Until this fundamental computational breakthrough happens that imparts common sense to artificial intelligence engines, you need the common sense of your team members.

No matter how elegantly you implement your continuous improvement process, you will not succeed without engaging the common sense of your organization’s workers.

No matter how brilliantly your R&D group provides new products, no matter how effectively your Marketing and Sales groups move product, no matter how efficiently your back office performs, you still need the common sense each of your workers bring with them to work to catch the oddities that the real world introduces to our best-laid plans.

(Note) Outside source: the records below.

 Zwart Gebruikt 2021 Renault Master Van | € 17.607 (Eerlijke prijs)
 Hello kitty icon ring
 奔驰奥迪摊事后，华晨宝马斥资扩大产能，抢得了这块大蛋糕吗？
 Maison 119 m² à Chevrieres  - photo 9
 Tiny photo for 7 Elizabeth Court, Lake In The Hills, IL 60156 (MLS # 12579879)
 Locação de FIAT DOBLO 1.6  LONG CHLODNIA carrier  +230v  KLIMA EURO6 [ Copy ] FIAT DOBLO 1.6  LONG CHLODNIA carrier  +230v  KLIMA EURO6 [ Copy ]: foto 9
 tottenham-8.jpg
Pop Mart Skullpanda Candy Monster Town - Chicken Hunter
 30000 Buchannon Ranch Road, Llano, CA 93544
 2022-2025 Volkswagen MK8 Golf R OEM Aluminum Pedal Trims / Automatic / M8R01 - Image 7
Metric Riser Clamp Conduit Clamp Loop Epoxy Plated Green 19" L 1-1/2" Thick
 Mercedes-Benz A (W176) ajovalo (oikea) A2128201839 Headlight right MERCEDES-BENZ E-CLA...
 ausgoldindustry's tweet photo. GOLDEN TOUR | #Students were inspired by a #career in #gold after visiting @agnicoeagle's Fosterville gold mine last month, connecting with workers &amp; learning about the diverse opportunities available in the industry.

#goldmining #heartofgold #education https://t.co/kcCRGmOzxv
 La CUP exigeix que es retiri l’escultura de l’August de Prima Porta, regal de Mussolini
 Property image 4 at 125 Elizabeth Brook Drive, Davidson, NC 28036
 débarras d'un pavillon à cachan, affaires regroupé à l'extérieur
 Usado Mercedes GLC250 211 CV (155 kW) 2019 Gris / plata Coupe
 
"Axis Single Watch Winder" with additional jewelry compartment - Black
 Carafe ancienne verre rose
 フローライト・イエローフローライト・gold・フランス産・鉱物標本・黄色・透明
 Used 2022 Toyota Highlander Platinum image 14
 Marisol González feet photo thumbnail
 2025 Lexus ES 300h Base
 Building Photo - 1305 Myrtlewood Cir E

You want the people in each role to understand both how to do their role and how their role contributes to the organization.  In doing so, you provide the groundwork for them to ponder the situation when something out of the ordinary happens, and to communicate effectively when something doesn’t feel right.  Of course there are limits to how much each person can know–for example, your accounts receivable team probably would not benefit from knowing how the manufacturing line is reconfigured for different products. At the same time, the A/R team probably needs an understanding of how products are shipped to the customer, assuming that the customer will refuse to pay for a product that is not received.

I believe there are serious organizational, operational, or leadership issues in most cases where leaders do not want their teams to use common sense.  Leaders cannot sustain an acceptable level of morale in a team whose members are threatened when they think, generating higher direct and indirect costs of employee turnover.  Processes that rely on “mindless” human labor are likely to be surprised by how high the error rate becomes with a staff that does not feel their humanity is valued.  Furthermore, computers are far superior to humans in repetitive tasks executed with extreme precision… so why wouldn’t we deploy computers for what computers do best, and people for what people do best?